Antoine DesirColumbia University
A Markovian approach to choice modeling and assortment optimization

Tuesday, January 17, 2017 - 4:15pm
Rhodes 253

Which set of products should be offered to arriving consumers to maximize expected revenue? This is a core revenue management problem known as assortment optimization which applies to a wide variety of settings. Discrete choice model theory offers a way to mathematically model the substitution behavior of consumers and provide a key ingredient for this problem. Many choice models have been proposed in the literature, introducing a fundamental tradeoff between model expressiveness and computational complexity. In particular, the assortment optimization problem is notoriously hard for general choice models.

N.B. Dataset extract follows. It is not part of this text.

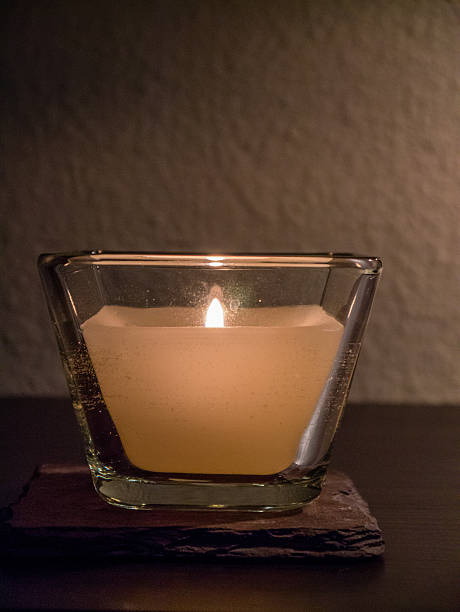istock Square glass witn lit candle within 534213750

In this talk, we look at a new framework which tries to strike a good balance between expressiveness and tractability. In particular, the substitution behavior of consumers is modeled as transitions in a Markov chain. By doing so, this new model helps alleviate the Independence of Irrelevant Alternatives (IIA) property, a well-known limitation of the popular multinomial logit model. Moreover, it provides a good approximation to the class of random utility models. We show that not only this model has a great predictive power; it is also tractable from a computational perspective. In particular, we give an algorithm framework to derive efficient algorithm for different variants of the assortment optimization problem.